Capacitive deionization (CDI) is a promising salt removal technology with high energy efficiency when applied to low molar concentration aqueous electrolytes. As an interfacial process, ion electrosorption during CDI operation is sensitive to the pore structure and the total pore volume of carbon electrodes limit the maximum salt adsorption capacity (SAC). Thus, activation of carbons as a widely used method to enhance the porosity of a material should also be highly attractive for improving SAC values. In our study, we use easy-to-scale and facile-to-apply CO2 activation at temperatures between 950 °C and 1020 °C to increase the porosity of commercially available activated carbon. While the pore volume and surface area can be significantly increased up to 1.51 cm3/g and 2113 m2/g, this comes at the expense of making the carbon more hydrophobic.
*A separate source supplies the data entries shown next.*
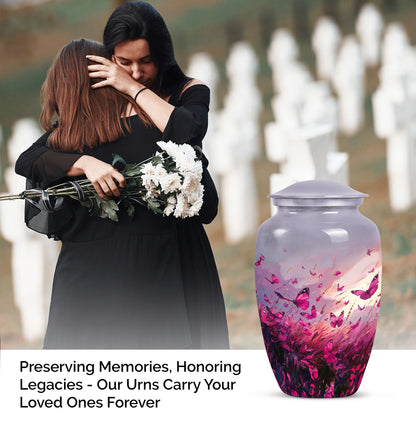 10-inch pink butterfly urn burial cremation urn 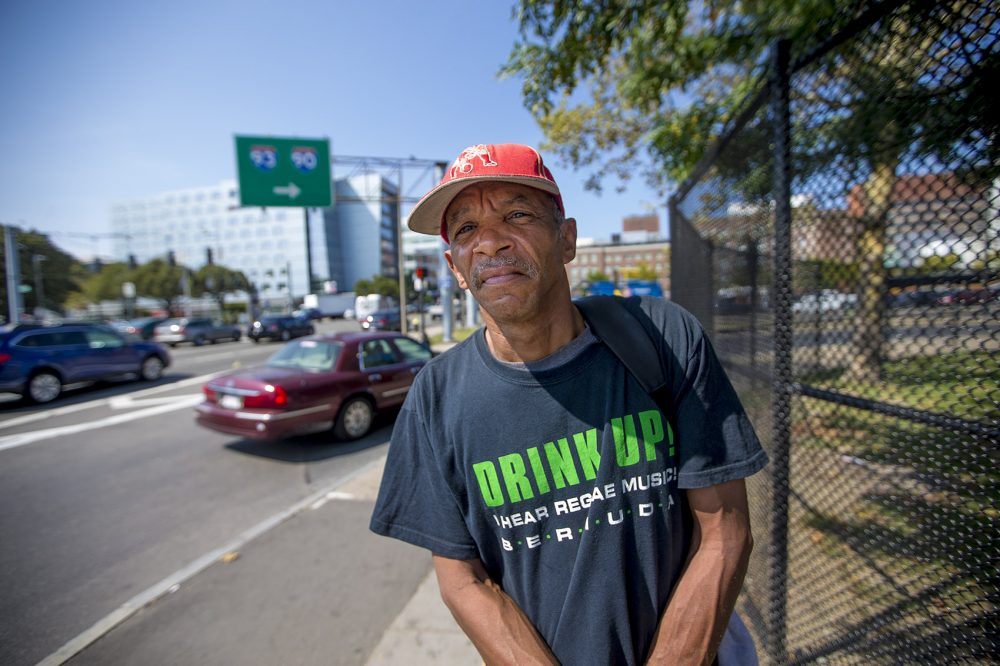 "That place is not a waste of money; that place is trying to help people, you know, get off their feet," says Michael, a 57-year-old former laborer. (Jesse Costa/WBUR)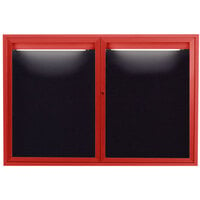 Aarco Enclosed Hinged Locking 2 Door Powder Coated Red Aluminum Indoor Lighted Message Center with Black Letter Board
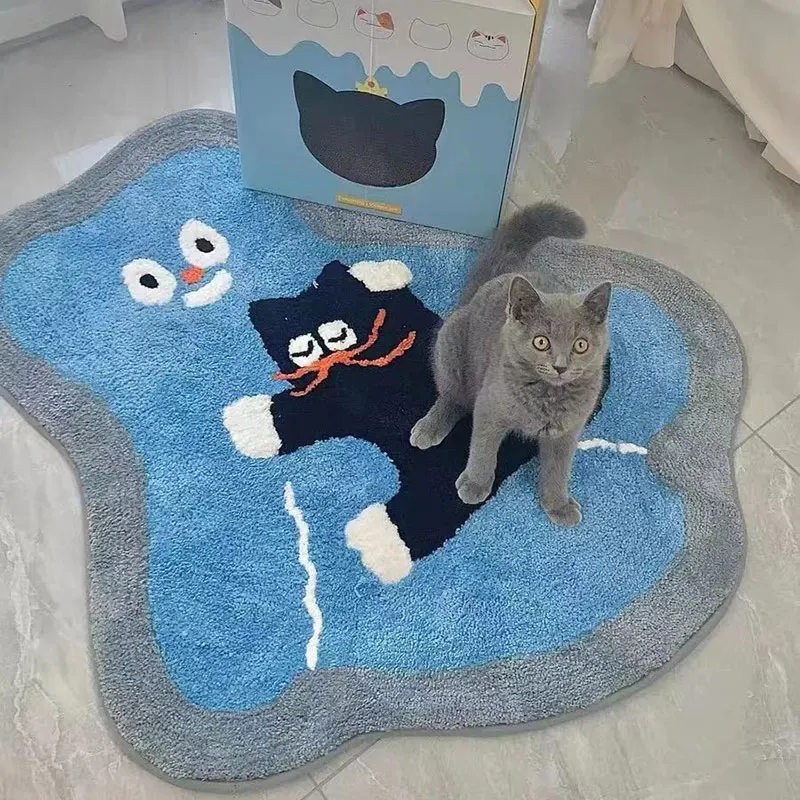 

My Cat My Dog Cartoon Cute Room Living Room Bedroom Bedside Carpet Healing Line Plush Rug Cloakroom Decoration Ins Floor Mat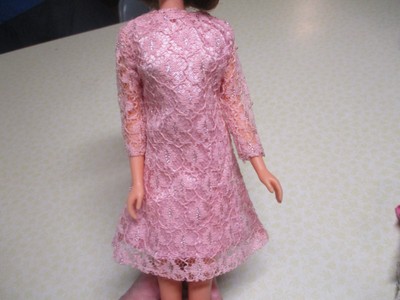 Vintage Barbie Clone  Francie Mod Era  Pink Lace Mini Dress with Silver Threads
We present a novel strategy to still capitalize the improved pore structure by admixing as received (more hydrophilic) carbon with CO2 treated (more hydrophobic) carbon for CDI electrodes without using membranes. This translates in an enhanced charge storage ability in high and low molar concentrations (1 M and 5 mM NaCl) and significantly improved CDI performance (at 5 mM NaCl). In particular, we obtain stable CDI performance at 0.86 charge efficiency with 13.1 mg/g SAC for an optimized 2:1 mixture (by mass).